Middlesex claims that Mellon failed to accurately verify pricing data from a Bay State firm that had been investing pension money in foreign currency options. The now-closed Cambridge Financial Management Inc. (CFM) had been providing statements to Middlesex through Mellon, valuing its investments at $1.6 million, the board said. However, after the death of fund manager James T. Kneafsey, founder and principal of CFM, the Middlesex system said it “learned for the first time that CFM was the only account where Mellon took market values for traded securities from a fund manager.”
In a press release, the attorneys for Middlesex state that CFM was managing a foreign currency overlay program that, “given Middlesex’s significant international investments, was a recognized method of reducing risk to protect against currency fluctuations.” The attorneys say that by June 2002, Mellon’s reports showed that CFM had nearly doubled the initial investment of $4 million, and that “given the positive returns as documented in Mellon’s reports,” there was no apparent reason to question CFM’s performance or activities.
In a statement issued late Thursday, Pittsburgh-based Mellon said it ” categorically denies” the allegations and said it will “vigorously defend itself.” Mellon also said, “Under its agreement with Middlesex, Mellon’s role was to take the values reported by Cambridge and report them to Middlesex.”
Mellon went on to say Middlesex hasn’t sued Cambridge, “who, as Middlesex’s investment manager, had full responsibility for entering into these foreign-currency options contracts, and who provided false pricing information to Mellon and Middlesex,” according to Reuters.
For its part, Middlesex continues to point to portions of Mellon’s responses to the fund’s requests for proposal (RFP), which contained language extolling the virtues of the custodian’s accounting systems and methodologies (see Mellon Unit Faces $40 Million Suit ) – while Mellon’s position appears to be predicated on a more limited reading of its scope as custodian.
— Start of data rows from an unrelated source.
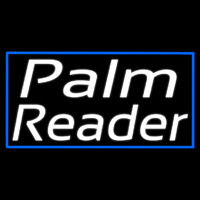 White Palm Reader Blue Border Leuchtreklame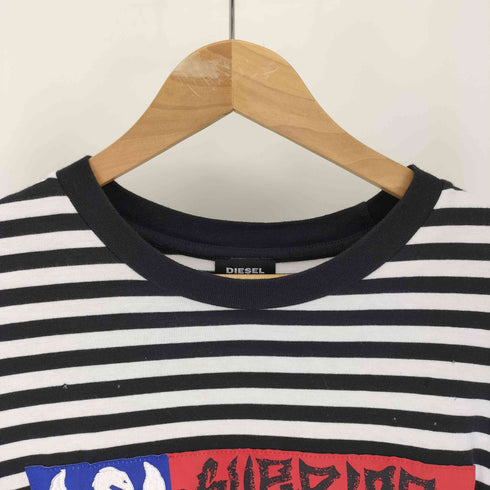 ディーゼル DIESEL SUPRIOR ロゴワッペン ダメージ加工 ボーダー柄 コットン S/S Tシャツ メンズ JPN:M
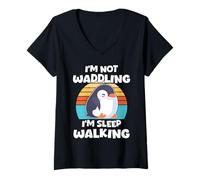 Femme I'm Not Waddling I'm Sleep Walking Funny Sleeping Pingouin T-Shirt avec Col en V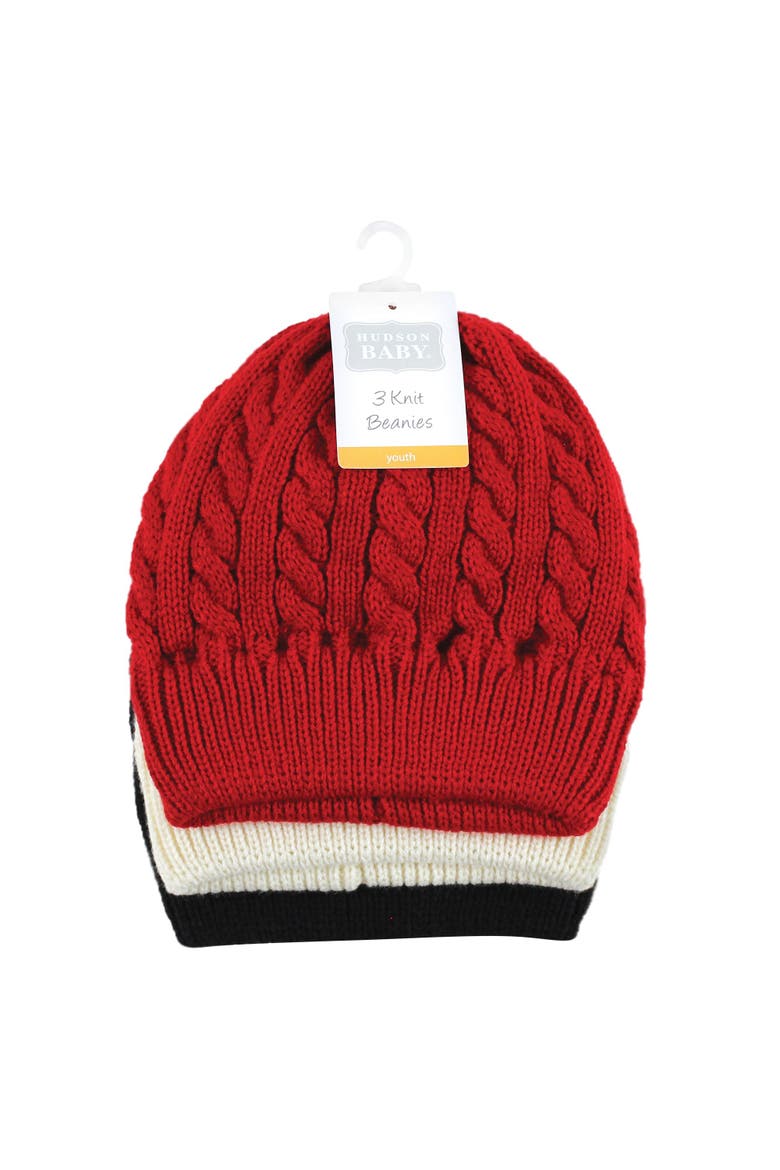 Triple Knit Hat Set, Alternate, color, Black Red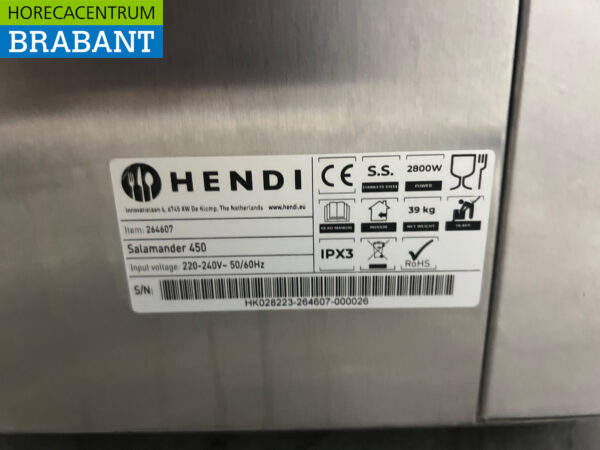 Gril salamandre Hendi en acier inoxydable 45 cm 230V Horeca – Image 5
There was at least one new allegation from the Middlesex attorneys – that “in the ensuing investigation, Middlesex learned that Mellon handled more than half of CFM’s trades,” going on to claim that, as the counter-party, Mellon Brokerage profited from investments made by CFM on which Middlesex lost money.
“Since we made the discovery, we have taken prompt and appropriate actions to protect and preserve the fund’s assets and minimize and recoup actual or potential losses,” James Fahey, Jr., chairman of the Middlesex Retirement System’s board, said in a statement. “Despite our aggressive efforts to get at the truth since Mr. Kneafsey’s death, much about how Cambridge Financial Management sustained such heavy losses remains unclear,” he added.
The lawsuit also names Boston Safe Deposit and Trust Co., The Boston Co., and Russell/Mellon Analytical Services as corporate defendants.